***** Information supplied *****
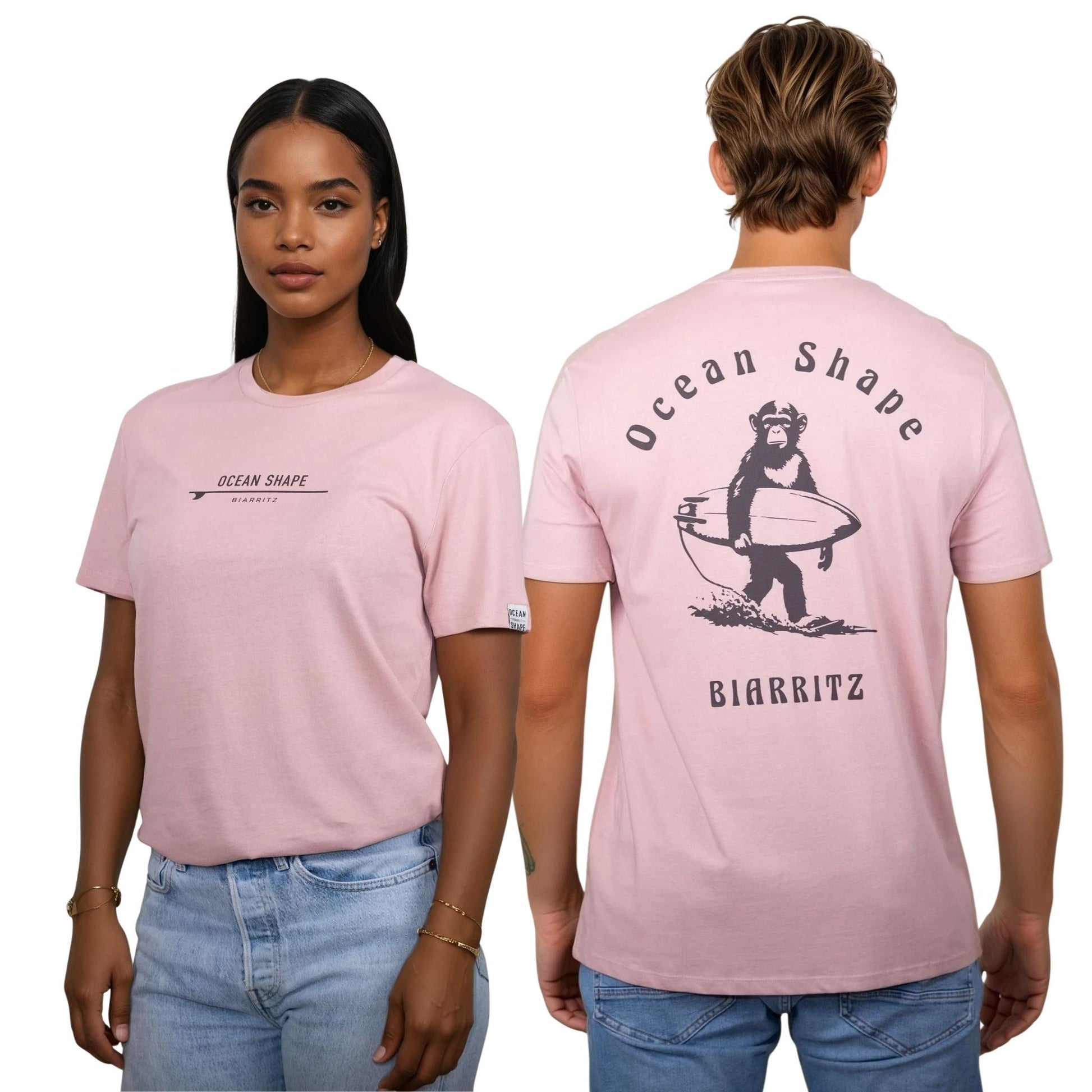 Tee-shirt unisexe rose pale en coton biologique.
Devant : petite signature "ocean shape Biarritz" sur surf marron foncé sur la poitrine.
Dos : gros dessin de singe surfeur et écriture « ocean shape Biarritz » marron foncé.
Vu de face sur mannequin femme et vu de dos sur mannequin homme.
*****
- Your assignment:
Look through the material above. Copy each line where the word "Biarritz" appears.

- Written response:
Devant : petite signature "ocean shape Biarritz" sur surf marron foncé sur la poitrine.
Dos : gros dessin de singe surfeur et écriture « ocean shape Biarritz » marron foncé.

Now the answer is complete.